When we say someone has an iron constitution, we mean they never get sick. When we say they are hard as iron, or as unbending, usually the character of the person is such that they are determined, that their will seems unbreakable no matter what life throws at them. Usually is a compliment.

 

In my wood stove, I have a baffle. It is about a quarter of an inch thick, and it spreads across the top of the stove to keep the flames from rushing up the chimney. The fire runs into this seemingly unburnable barrier and slides around it, which keeps the actual flame and the hottest part of the fire in the wood stove for a longer amount of time. That means more heat in the house and not going up with the smoke. Never mind my poor thin walled stovepipe would, indeed, overheat and possibly bum without that baffle.

 

I bought this woodstove from a fellow who had it out in front of his house with a $150 sign on it. He said there was nothing wrong with it, he had just bought a prettier one for his home and the plain, black iron box had to go. This was over 10 years ago.

 

At first the wood stove worked like a dream but one day there was a loud clang!

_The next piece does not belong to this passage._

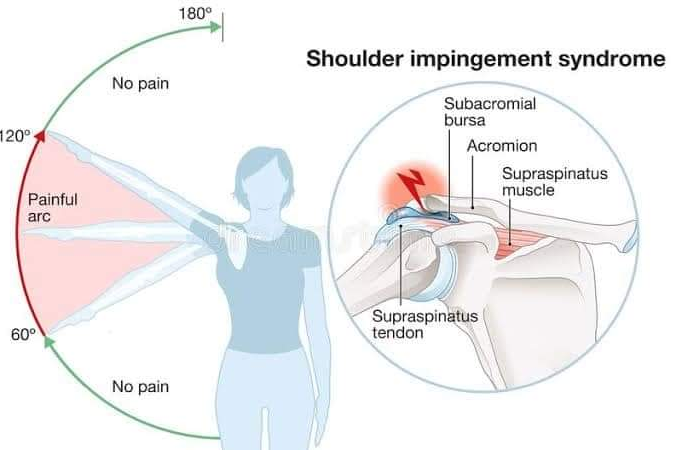 Physiotherapy clinic in Tambaram
Are you Looking f... main image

The baffle had bent from all the heat and fell off its pegs. Oh, I took it out after it was cool and bent it back into shape but the iron was never the same. It would seem to be as strong as ever, I had to use my sledge hammer to straighten it, but once back in the stove the heat would bend it rather quickly. What is a guy to do?

 

I feel empathy for that baffle, as silly as that sounds. I relate with it. Sometimes I am strong to a particular sin and would never dream of doing something. But being strong to it, I don't take it seriously and it works on me. I don't fear it, I loiter around it, and next thing you know I start to bend, I start to compromise. Once I've done that, even if I get "straightened up" after a good whack of a hammer, it is so easy to warp right back out of shape when I get exposed to it again.

 

Iron is pretty tough stuff. Yeah, well Sampson was pretty tough too. Know what I mean?

 

So I put in some rebar to hold it up and that worked, until the rebar bent. See, we might have a friend help us avoid sin but if we insist on going there and dragging our friend along with us, for "support", it might be we both end up becoming a little "soft" on the sin. And that's what happened. You could say don't use the stove, but that's not the purpose. Just as we are meant to be out in the world, but not of the world, our purpose being to preach the gospel. So we can't fix this problem by avoiding it, we need a real solution.

 

So to sum up, like that baffle, I can't do it alone. And even help from a friend, its not enough. But I think I found the solution. I went to the hardware store and bought me a monstrous piece of iron rod, just over an inch thick, of hardened steel. You say won't this bend? And I am thinking no, it is just too fool thick for that stove to overcome.

 

The plain and simple conclusion is, if you can't do it alone and you're friends can't help, maybe you should try a better friend. Like, oh, Jesus. He does his part leaving you free to do yours. Relying on anyone else would be, yes you guessed it, baffling.

 

(OK, I know, groan. But it's better than some joke about a woman ironing her laundry in Methuen!)